2nd Chief Minister of Kayah State Acting
- In office 3 September 2020 – 1 February 2021
- Appointed by: Win Myint
- Preceded by: L Phaung Sho
- Succeeded by: Khin Maung Oo

Member of the Kayah State Hluttaw
- In office 30 March 2016 – 1 February 2021
- Constituency: Demoso Township Constituency № 2

Minister of Agriculture, Livestock and Irrigation for Kayah State
- In office 7 April 2016 – 1 February 2021
- President: Htin Kyaw Win Myint

Personal details
- Born: 14 October 1974 Puphar village, Demoso, Kayah State, Myanmar
- Died: 24 December 2021 (aged 47)
- Party: National League for Democracy
- Spouse: Lu Siya
- Occupation: Politician
- Cabinet: Kayah State Government

= Boss Ko =

Burmese politician (1974–2021)

Boss Ko (14 October 1974 – 24 December 2021) was a Burmese politician who served as acting Chief Minister of Kayah State, Minister of Agriculture, Livestock and Irrigation for Kayah State and Kayah State Parliament MP for Demoso Township Constituency No. 2.

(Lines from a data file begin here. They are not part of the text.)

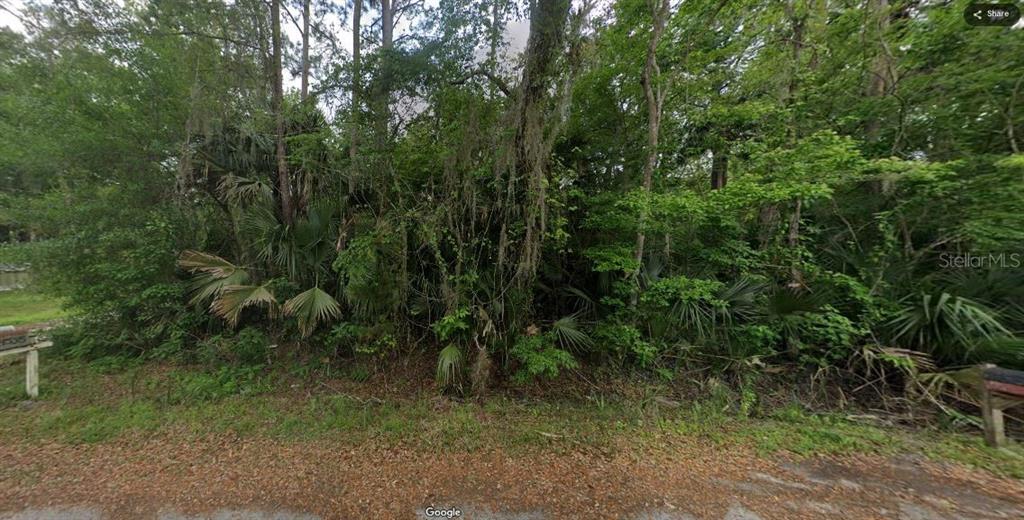 River Road Astor, FL 32102 - Photo 4 of 4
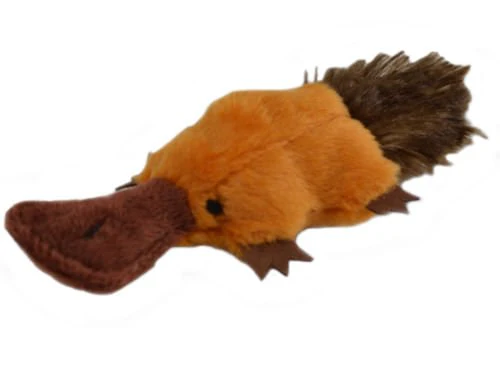 Platty Pup - Pet's Shop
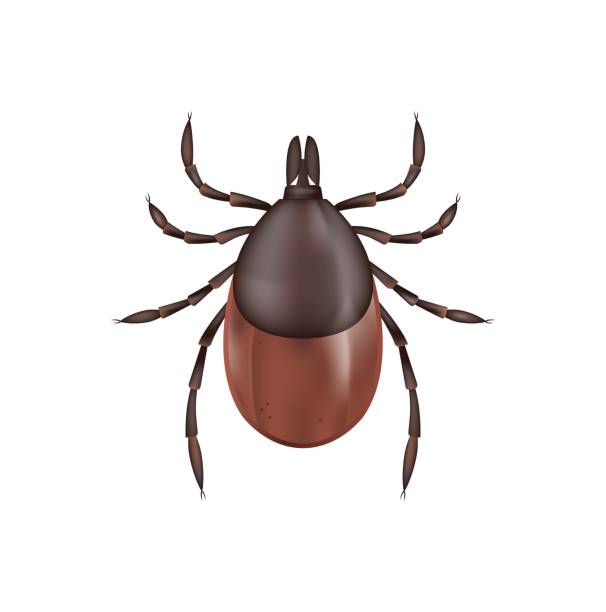 Deer Tick Isolated on White Illustration A photo realistic illustration of a deer tick isolated on a white background. Vector EPS 10 available. insect stock illustrations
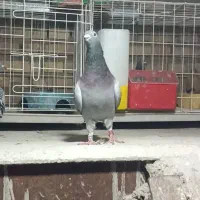 کبوتر نشسته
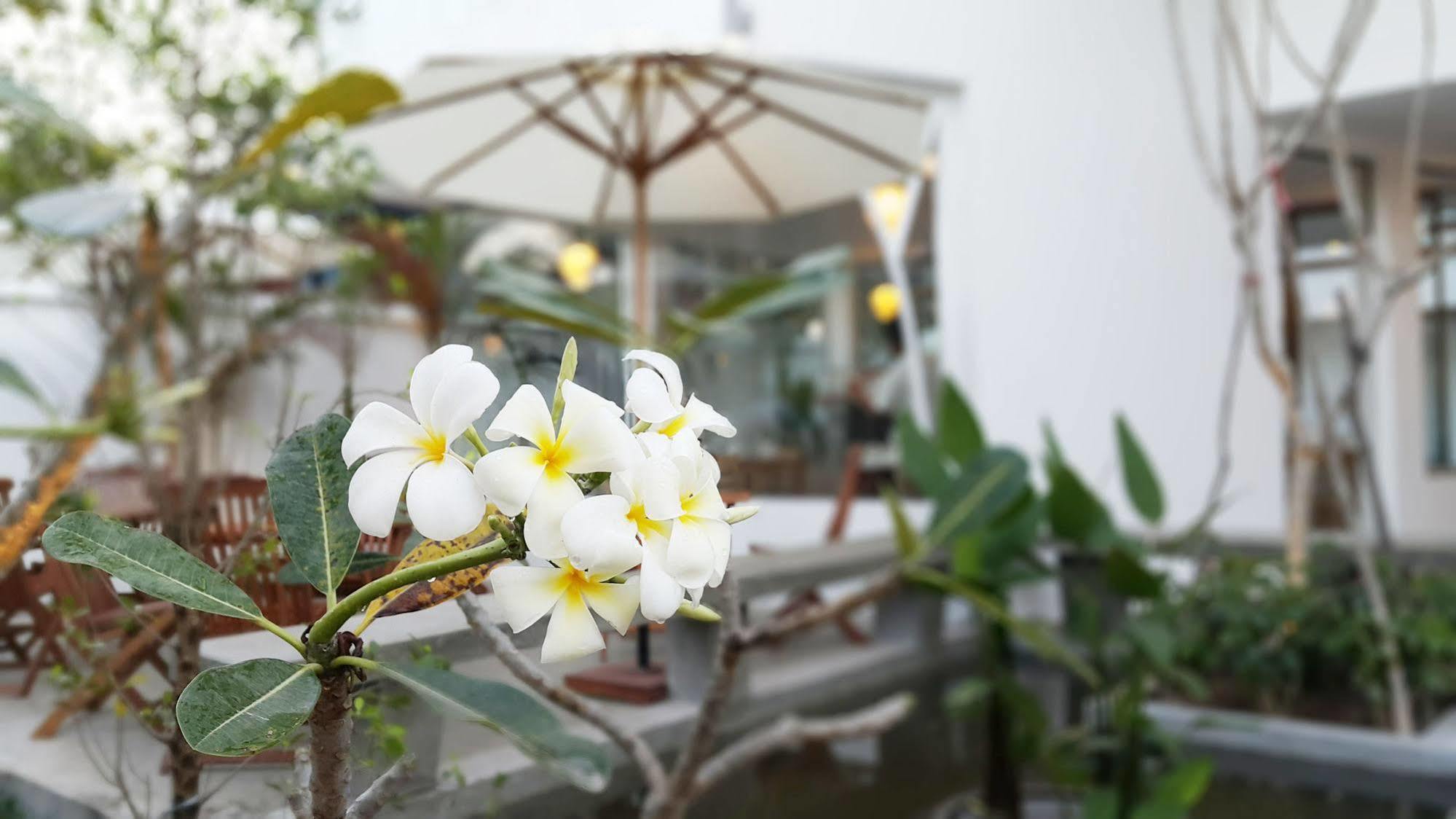 Chez Moi Suite & Spa Siem Reap Eksteriør billede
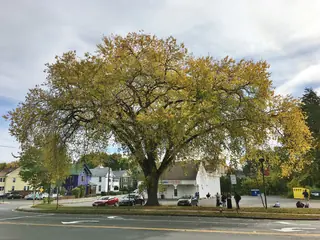 American: Valley Forge Elm (Ulmus americana), mature form
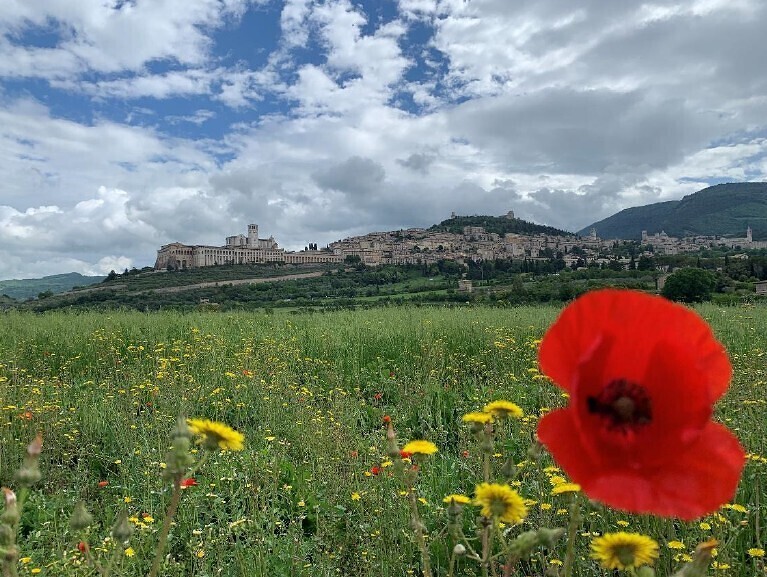 Pilgerreise nach Assisi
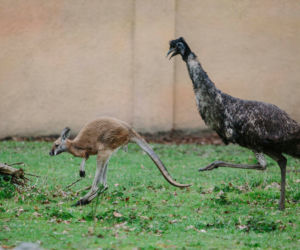 W Łódzkim ZOO na świat przyszedł mały kangurek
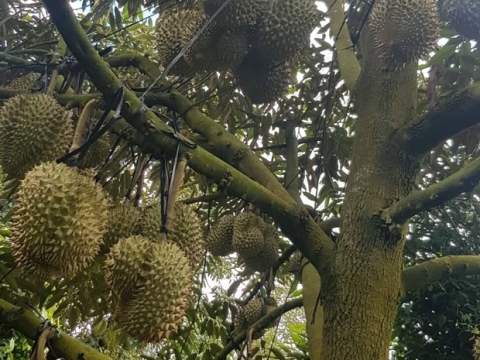 Sầu Riêng Xuất Khẩu Thiện Tâm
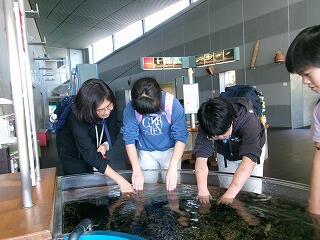 魚を触る体験もしました。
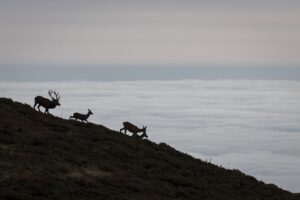 Stage Photo animalier "Brame du cerf" © Hadrien Brasseur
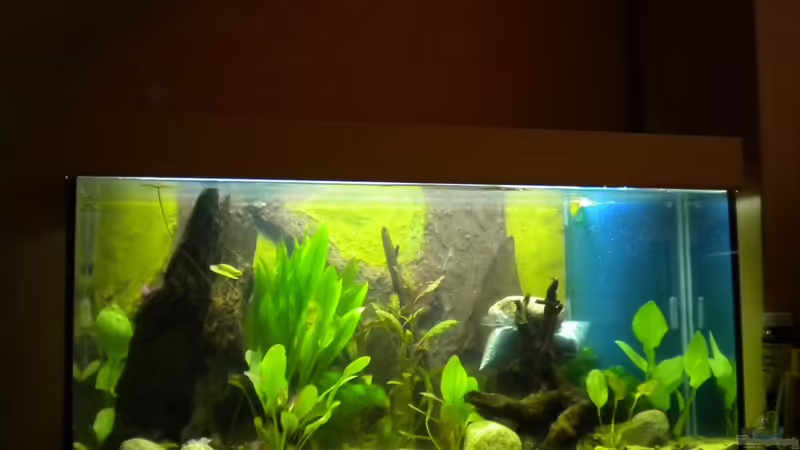 erste Bepflanzung 10.06.2011 von Marci (10)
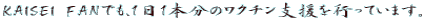 KAISEI FANłA11{̃N`xsĂ܂B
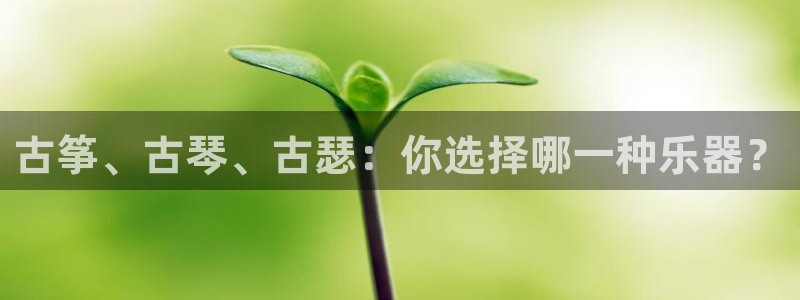 凯发k8ag85856：古筝、古琴、古瑟：你选择哪一种乐器？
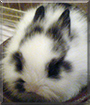 Name:  large.jpg
Views: 351
Size:  13.5 KB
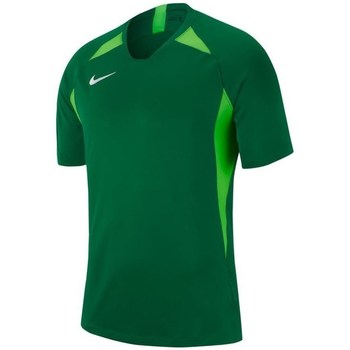 Textil Muži Trička s krátkým rukávem Nike Legend Zelená
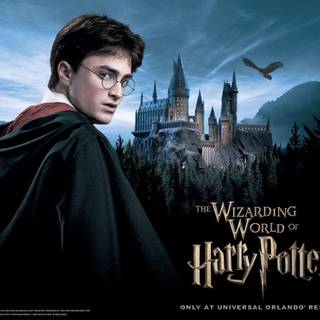 The Wizarding World of Harry Potter wallpaper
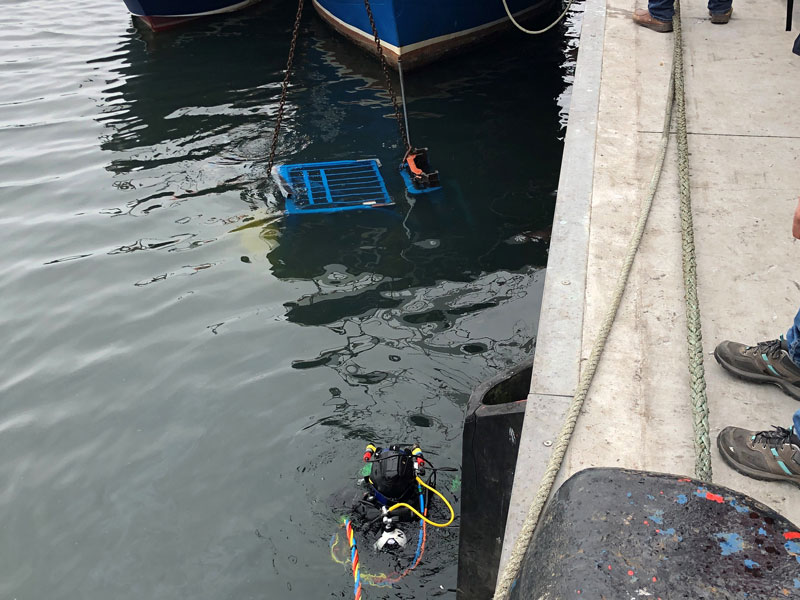 Recovery of forklift trucks from the bottom of the port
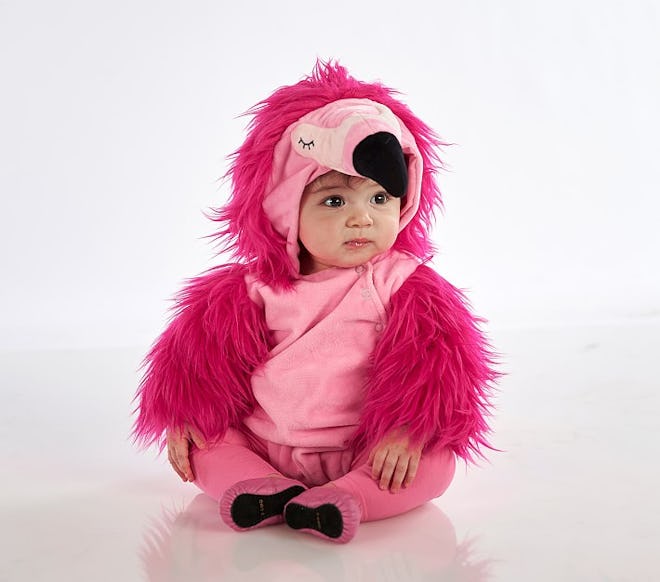 Baby sitting down wearing flamingo costume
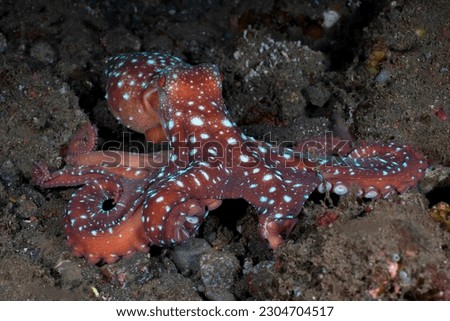 Incredible Underwater World - Starry night octopus - Callistoctopus luteus. Diving and underwater photography. Tulamben, Bali, Indonesia.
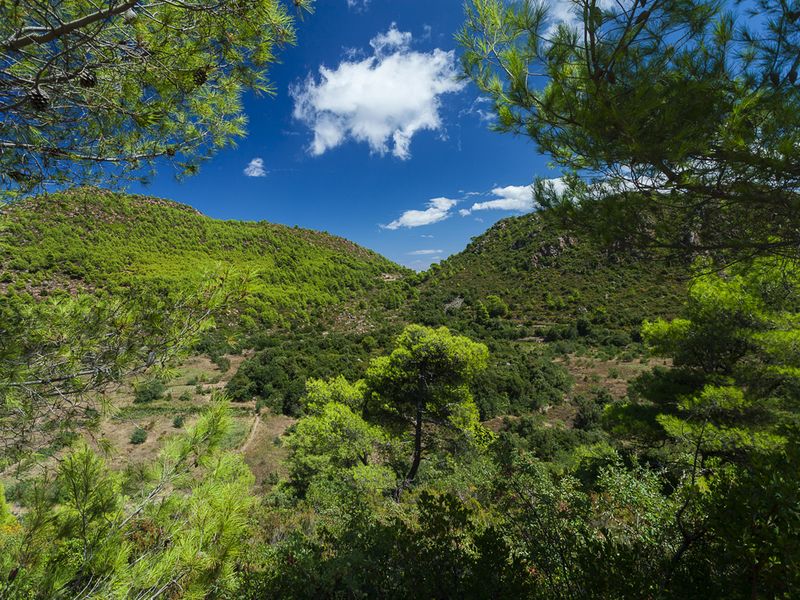 Das Bergland von Methana mit seinen Kiefernwäldern benötigt einen strengen Schutz
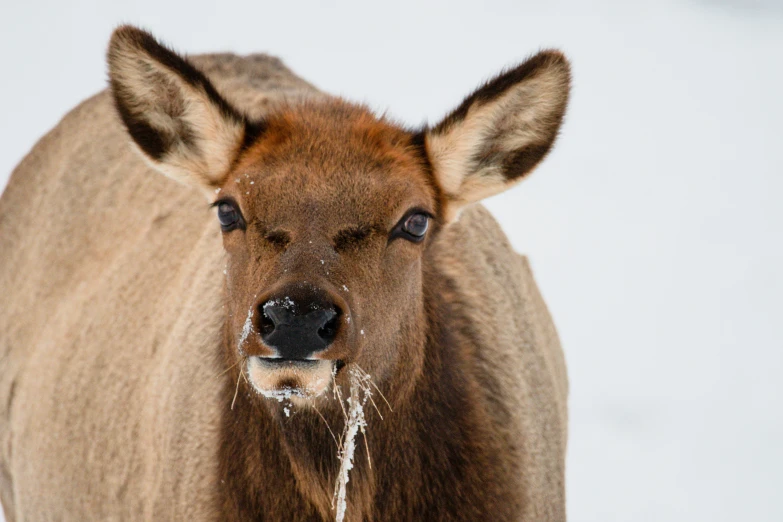 a deer is seen in the snow in the winter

==Early life and education==
Boss Ko was born on 14 October 1974 in Puphar village, Demoso, Kayah State, Myanm to parents U Thung and Mushi. He finished high school in Loikaw.

==Political career==
He was a member of the National League for Democracy Party. In the 2015 Myanmar general election, he contested the Demoso Township constituency No. 2 for Kayah State Parliament and won a seat. He was appointed Minister of Agriculture, Livestock and Irrigation for Kayah State on 7 April 2016, and acting Chief Minister on 3 September 2020 by President Win Myint, after chief minister L Phaung Sho was relieved from post. He served until the 1 February 2021 military coup d'état in Myanmar. He was detained by the military council after the coup.

==Later life and death==
Ko died on 24 December 2021, at the age of 47 after he escaped from prison.